Saturday, 22 August 2009

Movies: And there's the hitch.

Posted on 02:23 by riya
Here's an odd tidbit about your humble horror host.

When I first arrived in New York, some million or so years ago, I took a small photo of C. Thomas Howell to one of the sketch artists in Central Park and asked him to make a portrait from it. The photo was Howell in his snow-camo from the bleak winter of the Wolverines' betrayal in the searing and powerful classic Red Dawn. I explained to the artist that it was crucial to capture what Tommy was feeling inside: a restless hunger for vengeance tempered, just slightly, by a tragic awareness that chosen path would lead to his doom. "He's an angry man," I said. "But he knows his anger will destroy him."

The artist nodded gravely and then got to work.

The finished expression was not exactly what I'd hoped for. The finished product featured Howell, wrapped loosely in white swatches of camouflage as if it were a jaunty head scarf, AK-47 tucked in his arms, with a vapid "Hey, I'm a tourist in New York" smile on his face. He looked serene and placid, like he was thinking back to a really fun field trip he'd once been on as a small kid. "Remember the Field Museum and Robin MacGower was total afraid of the dinosaur skeletons? What a fun day."

I was still too much a not-New Yorker to kick up a shit storm, so I ended up owning this picture of a combat-equipped C. Thomas Howell giving the world a vacantly satisfied grin. I must have had that thing hang on my walk for a year or two before I finally gave it to the Salvation Army.

Watching Howell's engaging 1986 road thriller The Hitcher made me realize that I really should have held on to that thing.

Sigh.

But we still have The Hitcher.

If you haven't had the chance to see it, The Hitcher is one of the better flicks to emerge from the morass of 1980s horror. Though it was then, and remains, overshadowed by works in the more iconic slasher franchises of the day, The Hitcher is generally fondly remembered for baddie Rutger Hauer's wonderfully restrained performance and the flick's several memorable set pieces. I think, however, that the movie deserves more credit than that. I praised 2008's The Strangers for taking a basic slasher outline and stripping it down to its barest essentials and then executing the streamlined plan with earnest intensity. Director Robert Harmon and writer Eric Red (who later penned the script for Bigelow's Near Dark and Blue Steel) pulled off the same trick more than 20 years earlier. Harmon and Red strip the whole slasher formula to its core concept: the chase.

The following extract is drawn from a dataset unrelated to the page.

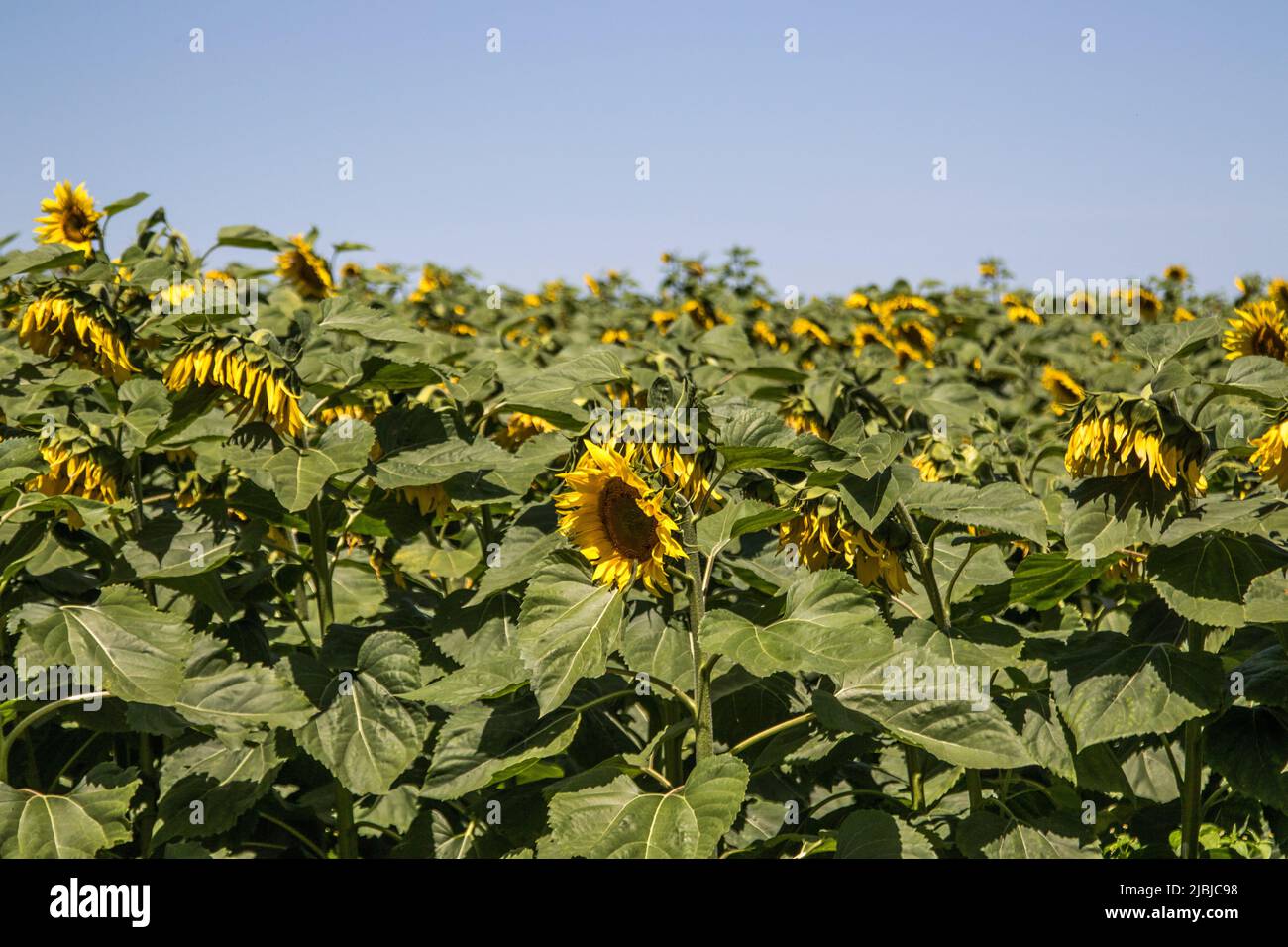 Nakuru, Kenya. 05th June, 2022. Sunflower growing at a farm in Nakuru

Though other characters, most of them expendable, pass through The Hitcher, the story is really just about two men. Delivering a car to California, young Jim Halsey attempts to fight the soporific monotony of the desert highway by taking on a hitchhiker. Enter serial murderer "John Ryder," who is in Jim's car for only a few minutes before he's threatening to carve Jim up. But Ryder quickly ends up a victim of his own nonchalant attitudes about road safety when Jim realizes that the passenger side door is not fully latched and he pushes the non-seat belted Ryder out.

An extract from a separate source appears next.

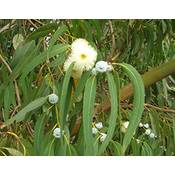 Saflax Eucalyptus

Some psycho killers would have just let that go. You can't gut them all, you know? But Ryder's not that kind of guy. He begins stalking Jim, killing people who cross Jim's path but leaving Jim himself unscathed. This is a particularly nice touch as it puts a novel twist on the paradigmatic power imbalance between slashers and their victims. In your generic stalker pic, the victims are powerless to save themselves. In The Hitcher, Jim's the safest guy on the screen. He's powerless to save anybody else. Worse yet, he ends up becoming the killer's unwitting partner in so much as his efforts to save himself, which require contact with others, are what brings more flies in Ryder's lethal web.

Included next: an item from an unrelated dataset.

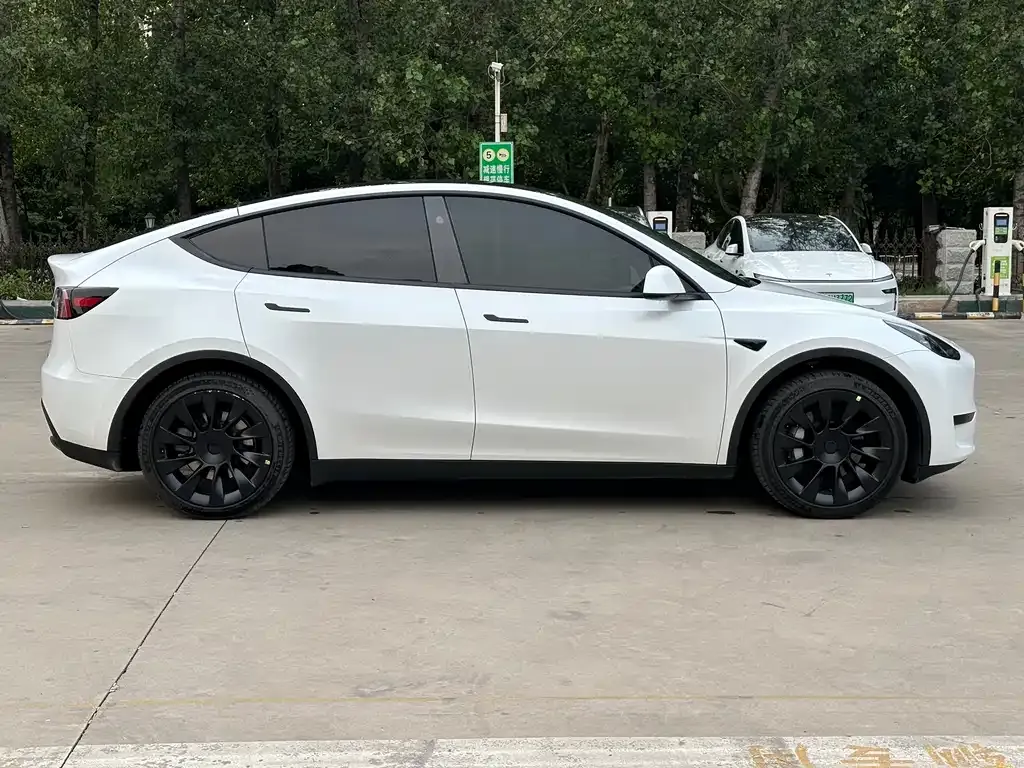 Tesla Model Y 2021 из CN, фото 8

As trail of corpses and carnage that follow Jimbo about gets wider and wider, Ryder frames Jim for his dark deeds, forcing Jim to run from both the five-o and the psycho. He finds some aid in the form of Nash (played by Jennifer Jason Leigh), a kindly truck stop waitress who ends as Jim's hostage/accomplice. Though the generic role is no great showcase for Leigh, the relationship between Jim and Nash is refreshing. A lazier flick would have just written them up as a love interests and been done with developing them. Instead, Nash and Jim have a pleasingly conflicted relationship. Neither really character really trusts the other, whatever sexual interest might have existed is quickly overwhelmed by the violence they've witnessed and perpetrated, and the two interact with somber determination that shows they can already tell that this story does not end with the phrase "happily ever after." I don't want to overstate the depth of these characters. Typical of everybody Jim meets, Nash is really little more than an earnestly played and well-written cliché. Still, the atypical relationship they share gives this grim flick a hint of pathos.

Eventually Jim and John's nasty game comes to an end. John, inscrutable as always, chooses to end the chase, confront Jim, and do it all in a way that clears Jim of the airtight frame John trapped him in. As with everything else in their relationship, John does this unilaterally. What could be another twist of the knife into the shambles of Jim's life turns out to be the end of the game simply because John wills it. Jim gets his life back, but Nash looses hers.

With John in custody, we learn from the police that they have no records for him. Not only does John have no criminal record, they don't have any paper evidence of his existence at all. Jim leaves the police station just as officers are dragging John to the bus that will take him to prison. Jim realizes that the conflict isn't over. As John quickly breaks free of his restraints and overpowers his guards, Jim highjacks a police cruiser, and chases John down for a final showdown.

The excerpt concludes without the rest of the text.